- **STUDY MATERIAL**:

========================================================================

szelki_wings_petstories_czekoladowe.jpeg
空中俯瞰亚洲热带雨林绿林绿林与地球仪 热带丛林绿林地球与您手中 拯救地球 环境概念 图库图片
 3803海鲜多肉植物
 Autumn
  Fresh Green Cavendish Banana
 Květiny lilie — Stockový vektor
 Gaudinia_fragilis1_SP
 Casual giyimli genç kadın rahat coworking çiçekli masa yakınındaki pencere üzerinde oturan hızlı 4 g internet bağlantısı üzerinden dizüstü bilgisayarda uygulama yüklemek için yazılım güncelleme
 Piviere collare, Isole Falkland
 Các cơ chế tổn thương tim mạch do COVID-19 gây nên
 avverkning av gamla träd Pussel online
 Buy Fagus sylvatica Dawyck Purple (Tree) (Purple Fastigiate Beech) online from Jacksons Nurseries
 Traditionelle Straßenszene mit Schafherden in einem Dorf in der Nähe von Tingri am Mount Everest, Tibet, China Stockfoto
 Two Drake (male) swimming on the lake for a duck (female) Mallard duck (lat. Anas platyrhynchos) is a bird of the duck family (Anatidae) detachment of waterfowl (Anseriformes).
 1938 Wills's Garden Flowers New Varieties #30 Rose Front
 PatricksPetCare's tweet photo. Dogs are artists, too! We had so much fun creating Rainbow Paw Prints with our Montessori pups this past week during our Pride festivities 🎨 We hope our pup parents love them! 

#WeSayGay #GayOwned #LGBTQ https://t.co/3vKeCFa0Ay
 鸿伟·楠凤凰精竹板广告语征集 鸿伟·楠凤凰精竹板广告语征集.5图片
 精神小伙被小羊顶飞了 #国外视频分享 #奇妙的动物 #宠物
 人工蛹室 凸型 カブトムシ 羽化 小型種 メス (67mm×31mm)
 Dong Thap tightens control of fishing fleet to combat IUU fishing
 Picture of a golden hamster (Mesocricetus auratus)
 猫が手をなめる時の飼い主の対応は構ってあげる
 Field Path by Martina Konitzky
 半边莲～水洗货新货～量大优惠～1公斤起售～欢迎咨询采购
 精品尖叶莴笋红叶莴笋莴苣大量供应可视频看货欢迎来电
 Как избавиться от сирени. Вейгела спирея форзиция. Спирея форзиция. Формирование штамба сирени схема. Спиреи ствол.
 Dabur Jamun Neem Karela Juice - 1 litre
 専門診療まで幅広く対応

========================================================================

- **PROBLEM DETAILS**:
Whenever a line of the material above contains the string "online", copy that line out.

- **ANSWER SPACE**:
 avverkning av gamla träd Pussel online
 Buy Fagus sylvatica Dawyck Purple (Tree) (Purple Fastigiate Beech) online from Jacksons Nurseries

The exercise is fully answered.